The moral of this story is that for plants growing under dry conditions, enriched carbon dioxide in the atmosphere is a substitute for water. Give a plant more carbon dioxide, and it can make do with less water. Since the growth of plants, both in agriculture and in the wild, is frequently limited by lack of water, the effect of carbon dioxide in reducing transpiration may be of greater practical importance than the direct effect in increasing photosynthesis. It is easy to measure both these effects of carbon dioxide in greenhouses and growth chambers. It is difficult to measure them in the real world out-of-doors. Here then is the crucial task for understanding the human dimensions of the carbon-dioxide problem. Our research programs must come to grips with the responses of crop plants and grasses and trees all over the world to increased carbon dioxide. To measure these responses, experiments in growth chambers are inadequate and computer simulations are useless. There is no substitute for field observations, widely distributed in place and extended in time.

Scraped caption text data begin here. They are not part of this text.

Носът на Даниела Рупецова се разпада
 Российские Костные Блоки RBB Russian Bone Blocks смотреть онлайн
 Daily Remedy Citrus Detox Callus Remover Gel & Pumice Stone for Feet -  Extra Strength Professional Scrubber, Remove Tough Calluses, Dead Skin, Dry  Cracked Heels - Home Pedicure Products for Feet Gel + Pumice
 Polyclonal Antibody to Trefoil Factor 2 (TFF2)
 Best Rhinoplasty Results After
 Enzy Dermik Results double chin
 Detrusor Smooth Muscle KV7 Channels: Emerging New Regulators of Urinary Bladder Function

If we can establish research programs, putting as much money and time and talent into the measurement of ecological responses to carbon dioxide as we are now spending on climatic effects, we may be able within a few years to answer the politically crucial questions. Is the direct effect of increasing carbon dioxide on food production and forests more important than the effect on climate? Is the human species already hooked on carbon dioxide, needing a continued increase of fossil fuel burning to fertilize our crops? When the coal and oil are all gone, shall we be burning limestone to keep the atmosphere enriched in carbon dioxide at the level to which the biosphere will have become addicted? I am not saying that the answers to these questions should be yes. But we must be aware that we do not have the knowledge to answer them with a confident no.